Когда музыка смолкла, Дмитрий Павлович звонком вызвал буфетчика. Житков получил приказание — прибрать на столе, сервированном тарелками с пирожными и лёгкой снедью, подать ещё вина и отнести угощение Сухотину: великий князь напрочь забыл о нём за светской болтовнёй и флиртом с Верочкой. Поручик, сопровождавший его к Юсупову, оставался в передней у главного входа. Дмитрию Павловичу стало стыдно. Всё же Сухотин — боевой офицер, ранен в голову и контужен, только из госпиталя…
Пуришкевич продолжал так же громко, когда пытался перекричать граммофон:
— Забавно вышло, когда я уже кончил говорить и принимал поздравления от коллег. Даже левые норовили руку пожать, хоть мы с ними хуже кошки с собакой… А супруга моя на хорах сидела. К ней тоже подходили дамы из высшего круга, вы понимаете. Поздравляли, просили передать сочувствие по поводу всего мною сказанного. И баронесса фон Гильденбант подошла среди прочих…
— Старая сводня! — возмущённо перебила Марианна. — Это же самая-самая распутинская поклонница! Гришка в её салоне запросто бывает, он там свой человек…
— Ещё какой свой! — Депутат вскочил, едва не плеснув из бокала. — А она подошла к моей жене, чтобы сообщить по адресу моему горячий привет и восхищение. И вместе с тем, подумайте только, просила в один из ближайших дней отобедать у неё вместе с некоторыми её друзьями!
Мария Павловна вскинула брови:
— Что же она, хотела вас усадить за один стол с Распутиным?

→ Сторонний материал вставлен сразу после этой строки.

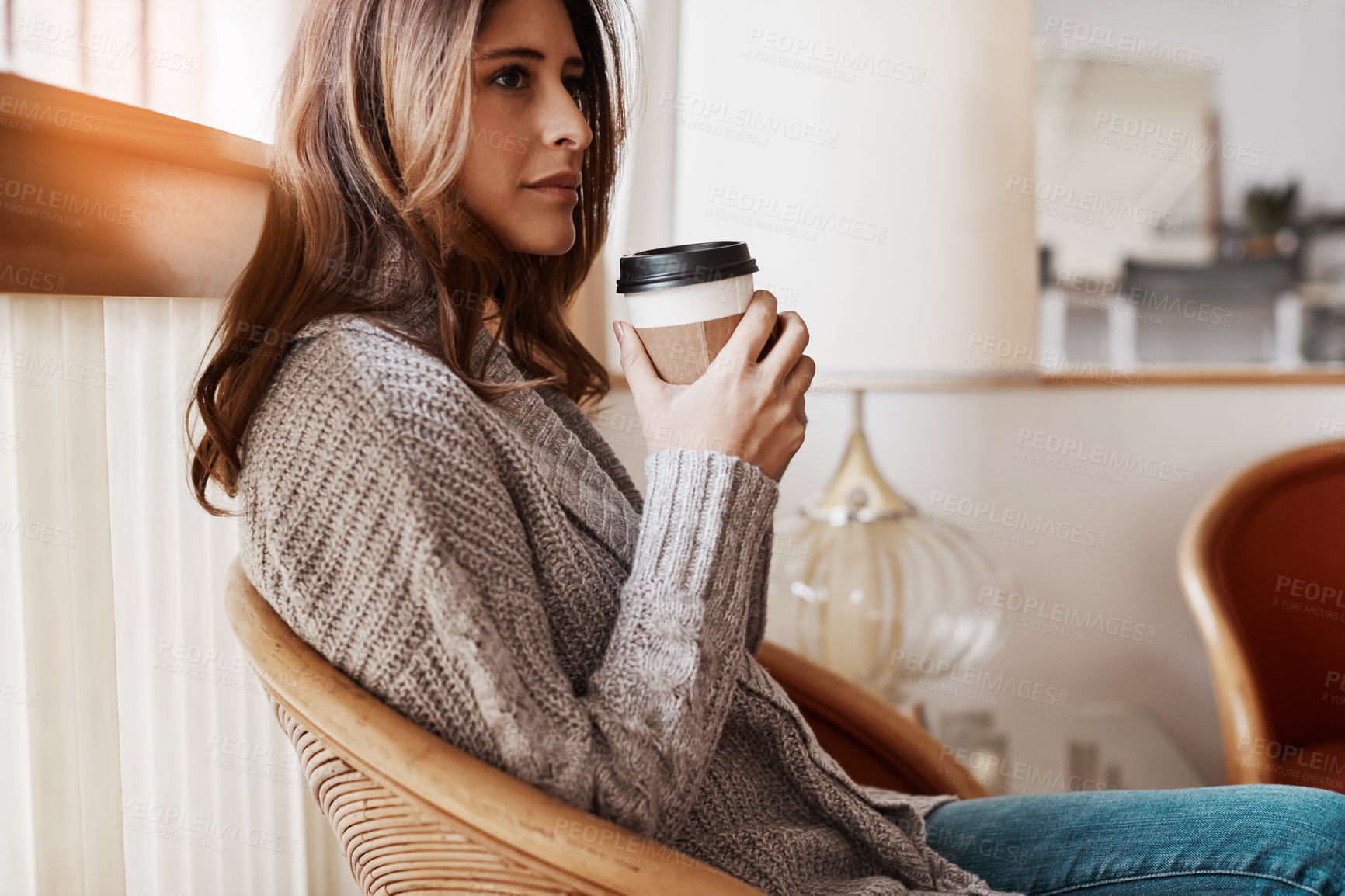 Buy stock photo Shot of an attractive young woman relaxing at home with a cup of coffee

— Вот именно! — подтвердил Пуришкевич и залпом допил вино. — Можете себе представить… Когда жена рассказала мне вечером про это приглашение, мы с нею долго хохотали. Цель-то у почтенной баронессы вполне ясная: свести меня с Гришкой. Она уверена, что я тоже поддамся гипнозу и после свидания окажусь его фанатичным поклонником!
Верочка переглянулась с Дмитрием Павловичем и ещё раз пустила пластинку.
Пуришкевич сел, но тут же снова поднялся.
— Фу ты! А я думаю, что мне мешает?! — сказал он, вытащил из кармана брюк пистолет и встал в картинную позу, вроде бы решая, куда бы его положить.
— Владимир Митрофанович, да вы, оказывается, вооружены! — оживилась Марианна. — Позволите взглянуть?
— Конечно! Прошу!
Продолжая красоваться, под внимательным взглядом великого князя Пуришкевич вынул магазин, передёрнул затвор и спустил курок. Убедившись, что пистолет разряжен, депутат щёлкнул предохранителем и торжественно вручил оружие баронессе.
— Ой, какой тяжёлый, — нарочито удивилась та и попыталась прицелиться, смешно прищуривая глаз и водя стволом из стороны в сторону.
Дмитрий Павлович процедил сквозь зубы:
— На людей направлять не надо, даже если пистолет не заряжен… И на собак, — добавил он, когда ствол повернулся в угол, где дремал Панч. — Цельтесь куда-нибудь… в лампу.
— Вы хорошо стреляете? — спросила Мария Павловна депутата.
Лицо Пуришкевича расплылось в довольной улыбке.
— Изрядно. Стрелок я более чем приличный! Не такой, конечно, как ваш брат, — он спохватился и отвесил шутливый поклон в сторону великого князя, — но тир на Семёновском плацу посещаю регулярно. И в небольшие мишени на пятидесяти шагах бью!